Narconon Is Start In Fighting Addiction

Narconon Fighting Addiction

Article:

The Arizona Daily Star

Monday, August 1, 1966

FLORENCE - The members of Narconon, all dope addicts, meet once a week at the Arizona State Prison, from 3-5 p.m. on Saturday.

The 20 addicts - ranging in age from 24 to 45 - are a “pilot group” Narconon chairman William C. Benitez says, and are being trained to both kick their own habit and then help other addicts do likewise.

Benitez’s program has already been noticed in other prisons and one of his articles in the prison newspaper was reprinted in the Minnesota Prison Mirror. Members of an AA chapter at the Washington State Prison, at Walla Walla, have expressed interest in the project.

At the moment, Benitez is not entirely satisfied with the program.

He would like more meetings, feeling one a week is not enough, even with self-study by members.

He would also like to have the program sanctioned as an “official” rehabilitation program of the prison, which has not yet been done.

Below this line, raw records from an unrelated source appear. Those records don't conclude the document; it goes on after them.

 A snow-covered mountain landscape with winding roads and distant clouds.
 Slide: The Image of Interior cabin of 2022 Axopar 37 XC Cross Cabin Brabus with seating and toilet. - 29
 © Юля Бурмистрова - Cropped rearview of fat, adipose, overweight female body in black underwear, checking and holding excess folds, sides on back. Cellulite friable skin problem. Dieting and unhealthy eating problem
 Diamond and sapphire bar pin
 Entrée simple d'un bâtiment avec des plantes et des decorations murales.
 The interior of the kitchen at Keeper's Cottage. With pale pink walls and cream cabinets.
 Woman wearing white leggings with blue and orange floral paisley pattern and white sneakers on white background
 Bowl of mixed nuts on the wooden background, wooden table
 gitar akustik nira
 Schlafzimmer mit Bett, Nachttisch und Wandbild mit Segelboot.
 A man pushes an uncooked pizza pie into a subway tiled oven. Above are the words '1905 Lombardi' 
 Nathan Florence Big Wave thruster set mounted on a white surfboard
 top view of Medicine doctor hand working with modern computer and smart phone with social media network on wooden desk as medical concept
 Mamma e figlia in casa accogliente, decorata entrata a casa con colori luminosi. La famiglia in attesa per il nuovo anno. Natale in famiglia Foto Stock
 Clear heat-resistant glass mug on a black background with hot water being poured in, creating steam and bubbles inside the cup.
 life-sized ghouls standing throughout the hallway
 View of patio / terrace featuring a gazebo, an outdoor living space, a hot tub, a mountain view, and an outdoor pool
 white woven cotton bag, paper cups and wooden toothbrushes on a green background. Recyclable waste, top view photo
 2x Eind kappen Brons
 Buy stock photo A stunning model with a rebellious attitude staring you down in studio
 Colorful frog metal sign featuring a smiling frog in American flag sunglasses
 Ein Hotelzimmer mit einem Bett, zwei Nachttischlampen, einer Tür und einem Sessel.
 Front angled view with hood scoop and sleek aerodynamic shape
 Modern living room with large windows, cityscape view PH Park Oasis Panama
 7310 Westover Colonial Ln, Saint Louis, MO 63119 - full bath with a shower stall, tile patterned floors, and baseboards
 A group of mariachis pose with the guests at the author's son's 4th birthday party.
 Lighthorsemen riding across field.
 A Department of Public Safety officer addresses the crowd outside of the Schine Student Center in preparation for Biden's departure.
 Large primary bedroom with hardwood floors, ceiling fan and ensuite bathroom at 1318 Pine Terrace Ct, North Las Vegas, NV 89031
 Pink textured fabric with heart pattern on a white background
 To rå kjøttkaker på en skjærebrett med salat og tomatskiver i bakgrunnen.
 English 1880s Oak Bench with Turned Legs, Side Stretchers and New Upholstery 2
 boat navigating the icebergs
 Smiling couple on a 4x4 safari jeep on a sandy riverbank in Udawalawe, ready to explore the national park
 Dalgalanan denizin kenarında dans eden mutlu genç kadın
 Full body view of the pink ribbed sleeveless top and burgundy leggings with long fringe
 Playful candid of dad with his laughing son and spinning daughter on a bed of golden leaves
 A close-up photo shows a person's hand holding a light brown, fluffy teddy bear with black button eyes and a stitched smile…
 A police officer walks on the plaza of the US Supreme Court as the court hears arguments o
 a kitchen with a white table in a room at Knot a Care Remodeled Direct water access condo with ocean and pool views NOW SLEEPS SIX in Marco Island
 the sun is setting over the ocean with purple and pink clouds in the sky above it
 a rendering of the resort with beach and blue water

Further, he would like to have the group’s sponsor, John L. Russell, a member of the maintenance staff, given some help. In addition to Narconon, he points out, Russell is also the voluntary sponsor of the prison’s AA chapter, which is divided into three groups, and as a result works “about 50” of his “free” hours each week.

Such things, Benitez admits, are in the future and so is the real success of Narconon.

Nevertheless, he says, it is a start.